Another intriguing thing is; they can create fake, but legitimate-looking email accounts to trick you, like sending an email using the email address of a Manager to trick a staff. Let us take LinkedIn as an example, most users have their profile on LinkedIn. Within minutes, I can track 5 people in the same company and understand how their mails are been generated.
Thomas has a friend, James, who is also a colleague. From Thomas’s LinkedIn profile he described himself as an ambitious guy willing to pursue his career. One day, Thomas got an email supposedly from James.
Delighted to have received such news from James, he decided to check out the Pdf file attachment and the clicked the link. On the site page, he saw a login screen and upon entering his office login details, he was unable to login. He tried three more times before considering that it could be a scam. Unfortunately, he has clicked the site (1), entered his office login details (2) and downloaded the attachment (3). 3 means of attack with just a mail. Even if he was smart to have not done the 3, he could have done 1.
Let us analyse it:
Thomas and James both work in Cenox limited and their domain is cenox.com. The sender’s email address (from) shows that the mail is not from the organization. The complete email address carries a different domain.
These are 2 different things.
He failed at checking the email to confirm if it is legit. One more important thing to note; usually the way a scam mail body is written will be suspicious. However, not all scammers make a typographic error in mail composing as we usually believe. They have grown smarter.
Then when Thomas opened the attachment, a malware could have sneaked into his device. Moreover, some attachments are programs that run underneath as attachment. You may not notice a difference or at most, you see the screen blink.
Let me be a little technical
When you open an email, several things start happening in the background that allows it to display properly on your device. Most times if an email includes pictures or resources like special fonts, these are downloaded from the sender’s web server. While many legitimate businesses use this to make more visually appealing emails, these can be abused by criminals to transfer malware to your devices or find out your IP address, location, device details, traceroutes etc. An attacker can piece together the data in seconds and build up an accurate picture of their potential victims even if the email is deleted immediately after opening.

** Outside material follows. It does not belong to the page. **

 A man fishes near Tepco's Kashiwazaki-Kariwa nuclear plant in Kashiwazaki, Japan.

Also, attachments like DOC, PDF, PXT, ZIP etc can hide executable software codes which run on click-open. These codes install malware, such as Ransomware and software that logs keystrokes, allowing cybercriminals to steal login details.
Link is opened by either clicking the link or copying it to a browser. Now, I am not saying all bitly links are scam links but cybercriminals have become so smart that they hide the exact URL under a link shorteners like BITLY API, CUTLY API, OWLY API, YOURLS API etc.
How to stay safe
- Be wary of unsolicited and suspicious emails and mail attachments, even from people you know. Just because an email message looks like it came from an associate doesn’t mean it did. Check the FROM of your email before you open. Some email addresses can sometimes be spoofed, so to double-check, click “reply” to see what email appears in the “To” field. But do not reply to the email
- Use your knowledge of the person (sender). If you receive an email that looks like it’s from someone you know, check carefully to see if it matches their usual phrase or tone. Do they use a name, greeting, or signatures other than the one you’re seeing in the mail?

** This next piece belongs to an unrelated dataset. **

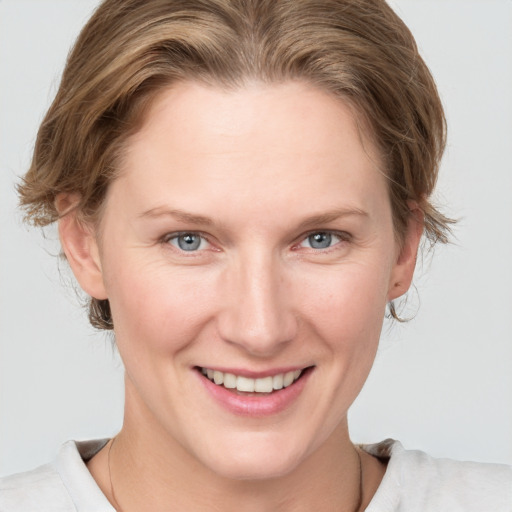 Joyful white young-adult female with medium  brown hair and grey eyes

- Follow your instinct about a mail. Be suspicious. Once the mail looks phishy (Fishy), scrutinize it.
- Save and scan any attachments before opening them. If you must open an attachment before you can verify the legitimacy, save it on your system, manually scan the file with an updated antivirus before you open it. Please pay for an antivirus, stop using free or outdated antivirus.
- Disable automatically download of attachment (if enabled) in your mail Application. This will help you specify which mail you want its attachments downloaded.

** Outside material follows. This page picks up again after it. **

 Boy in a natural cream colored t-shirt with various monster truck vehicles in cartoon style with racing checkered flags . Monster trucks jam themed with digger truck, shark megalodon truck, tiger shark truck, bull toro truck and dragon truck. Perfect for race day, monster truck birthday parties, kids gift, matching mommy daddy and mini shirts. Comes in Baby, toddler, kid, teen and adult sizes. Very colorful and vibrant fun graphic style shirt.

- Once you identify a mail to be a scam, send it to the spam folder immediately, rather than just deleting. It will train the spam filter to look out for such emails and mark them as spam. Do not forward to another person. As a best practice run a full system scan on your system with an up-to-date Antivirus.
- For browsing in business centres, users should always log off, clear browsing history or if possible, use in private or incognito tabs. Most browsers have such features.